→ **Work instructions**:
Please copy, exactly as they appear below, the lines from the one containing "Letto Singolo 80x200" through the one containing "Wolly Sheepling Retro".

→ **Supplied records**:
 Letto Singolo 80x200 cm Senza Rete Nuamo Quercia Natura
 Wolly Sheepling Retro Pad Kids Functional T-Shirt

...

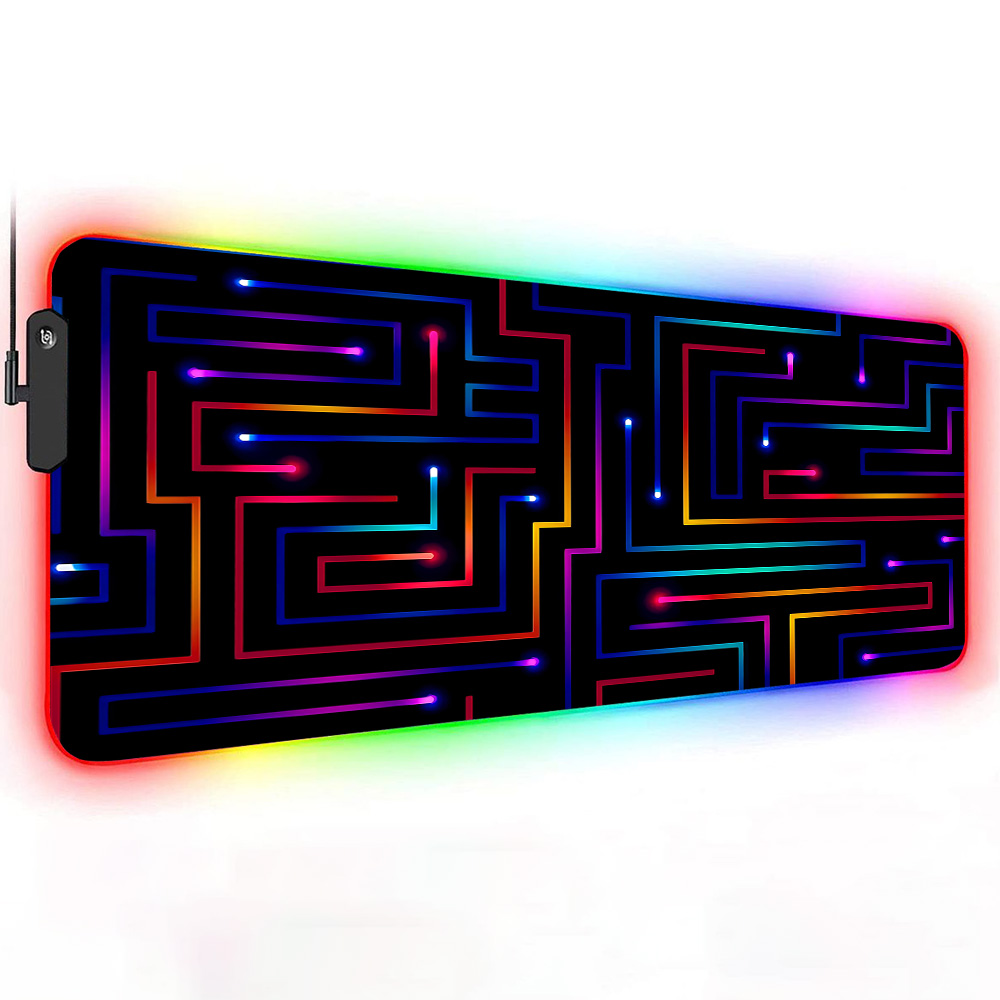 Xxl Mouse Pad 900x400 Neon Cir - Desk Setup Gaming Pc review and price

→ **Result for this exercise**:
 Letto Singolo 80x200 cm Senza Rete Nuamo Quercia Natura
 Wolly Sheepling Retro Pad Kids Functional T-Shirt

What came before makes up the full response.